After plaintiffs filed a motion to preliminarily enjoin the proposed plan, on June 19, 2009, the Court of Chancery denied the request for an injunction, holding that plaintiffs had failed to establish the threat of immediate and irreparable harm. The plaintiffs alleged that those investors who were relegated to the default Option B by failing to choose one of the options would be harmed because they could obtain more value for the assets by forcing a liquidation as opposed to the distribution under Option B. However, because the plaintiffs could not show that they had the right to force a liquidation or that such a liquidation was likely, the Court held that there was not a threat of immediate and irreparable harm.
Plaintiffs Failed to Satisfy Supreme Court Rule 42(b)
Applying the first two prongs of the criteria under Supreme Court Rule 42(b), the Court held that the June 19 order did not determine a substantial issue, nor did it establish a legal right. As the Court reasoned, all that was “determined” was “that plaintiffs had failed to establish a sufficient threat of irreparable injury if an injunction were not issued.” This was not a ruling on the merits. Moreover, quoting Chancellor Allen, “the ‘establishment’ of such a ‘non-right’ cannot satisfy Rule 42. If it could, all determinations of such applications would be heard on appeal immediately, which, of course, is not the case.” The practical consequences of a denial of injunctive relief do not rise to the establishment of a legal right.

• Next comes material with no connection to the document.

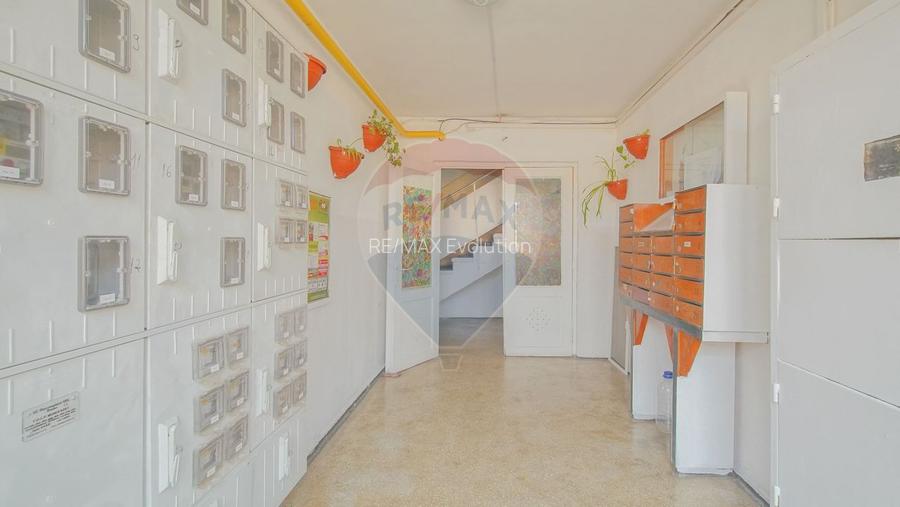 COMISION 0% | Apartament cu 2 camere | Decomandat | Zona Tractorul - 14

Plaintiffs also failed to satisfy one of the numerous factors of Rule 42(b)(i)-(v). First, the Court refuted plaintiffs’ argument that the interlocutory order involved “a question of law in the first instance” and was “inconsistent” with the prior decision of the Court of Chancery. The June 19 Order did not “determine” anything with respect to the partnership and even if it did, the Court’s interpretation of the governing partnership agreement pertaining to the ability of the funds to offer investors the above options was nothing more than an interpretation of a contractual provision and “would not necessarily involve a question of law in the first instance in Delaware.” Second, plaintiffs’ allegation that the interlocutory order “appears to contradict” Court precedent was insufficient as plaintiffs incorrectly construed the interlocutory order. Third, Rule 42(b)(iii) was also not met as the interlocutory order “clearly” did not “reverse or set aside a prior decision of the court, a jury, or an administrative agency.” Finally, Rule 42(b)(v) was not satisfied as the denial of the injunction did not determine a case dispositive issue.
Plaintiffs Denied Injunction Pending Appeal
Having failed to meet the requirements of Rule 42 – which sets forth the same standard for the Court of Chancery and Delaware Supreme Court to review plaintiffs’ application – the Court of Chancery held that there was no “pending appeal” and that the corresponding motion predicated on that appeal should be denied. The Court nonetheless addressed other reasons why the plaintiffs failed to establish an entitlement for injunctive relief. First, the Court, citing Kirpat Inc. v. Delaware Alcoholic Beverage Control Commission, 741 A. 2d 356 (Del. 1998), held “it is highly unlikely that plaintiffs will be able to establish that this Court abused its discretion in declining to enter the injunction plaintiffs requested.” Second, the Court did not reiterate its analysis of, but only its conclusion from the motion for preliminary injunction that the plaintiffs would not suffer irreparable injury. Finally, the Court held that third parties would be injured if an injunction regarding the plan was issued and there was little public benefit to the Supreme Court’s review of the Court of Chancery’s denial of the injunctive relief.
Supreme Court Denies Plaintiffs’ Appeal
After the Court of Chancery denied the plaintiffs’ above-referenced applications on July 10, 2009, the plaintiffs appealed the decision denying their request for a preliminary injunction to the Delaware Supreme Court. On July 14, 2009, the Supreme Court found that exceptional circumstances (as required by Rule 42), did not exist so the Court refused the plaintiffs’ interlocutory appeal.